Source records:
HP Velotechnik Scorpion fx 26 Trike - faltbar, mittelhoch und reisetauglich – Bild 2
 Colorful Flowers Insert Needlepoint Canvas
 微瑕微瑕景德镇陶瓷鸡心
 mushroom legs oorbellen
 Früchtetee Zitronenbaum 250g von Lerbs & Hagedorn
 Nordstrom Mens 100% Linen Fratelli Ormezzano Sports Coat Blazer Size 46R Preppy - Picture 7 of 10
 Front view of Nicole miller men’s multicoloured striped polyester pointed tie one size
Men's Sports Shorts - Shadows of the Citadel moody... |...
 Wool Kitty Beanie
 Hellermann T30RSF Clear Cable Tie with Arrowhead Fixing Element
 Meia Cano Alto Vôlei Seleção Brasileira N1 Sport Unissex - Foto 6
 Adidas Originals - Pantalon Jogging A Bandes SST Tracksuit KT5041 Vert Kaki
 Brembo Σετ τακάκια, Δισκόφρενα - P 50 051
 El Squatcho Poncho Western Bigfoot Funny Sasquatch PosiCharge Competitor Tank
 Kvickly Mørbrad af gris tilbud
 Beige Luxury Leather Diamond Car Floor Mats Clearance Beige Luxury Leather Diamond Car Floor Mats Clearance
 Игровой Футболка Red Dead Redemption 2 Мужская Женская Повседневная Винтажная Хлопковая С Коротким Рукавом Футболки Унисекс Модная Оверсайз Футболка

WORK TO BE COMPLETED: Give the data again, exactly as it appears above.

SOLUTION TO THIS EXERCISE:
HP Velotechnik Scorpion fx 26 Trike - faltbar, mittelhoch und reisetauglich – Bild 2
 Colorful Flowers Insert Needlepoint Canvas
 微瑕微瑕景德镇陶瓷鸡心
 mushroom legs oorbellen
 Früchtetee Zitronenbaum 250g von Lerbs & Hagedorn
 Nordstrom Mens 100% Linen Fratelli Ormezzano Sports Coat Blazer Size 46R Preppy - Picture 7 of 10
 Front view of Nicole miller men’s multicoloured striped polyester pointed tie one size
Men's Sports Shorts - Shadows of the Citadel moody... |...
 Wool Kitty Beanie
 Hellermann T30RSF Clear Cable Tie with Arrowhead Fixing Element
 Meia Cano Alto Vôlei Seleção Brasileira N1 Sport Unissex - Foto 6
 Adidas Originals - Pantalon Jogging A Bandes SST Tracksuit KT5041 Vert Kaki
 Brembo Σετ τακάκια, Δισκόφρενα - P 50 051
 El Squatcho Poncho Western Bigfoot Funny Sasquatch PosiCharge Competitor Tank
 Kvickly Mørbrad af gris tilbud
 Beige Luxury Leather Diamond Car Floor Mats Clearance Beige Luxury Leather Diamond Car Floor Mats Clearance
 Игровой Футболка Red Dead Redemption 2 Мужская Женская Повседневная Винтажная Хлопковая С Коротким Рукавом Футболки Унисекс Модная Оверсайз Футболка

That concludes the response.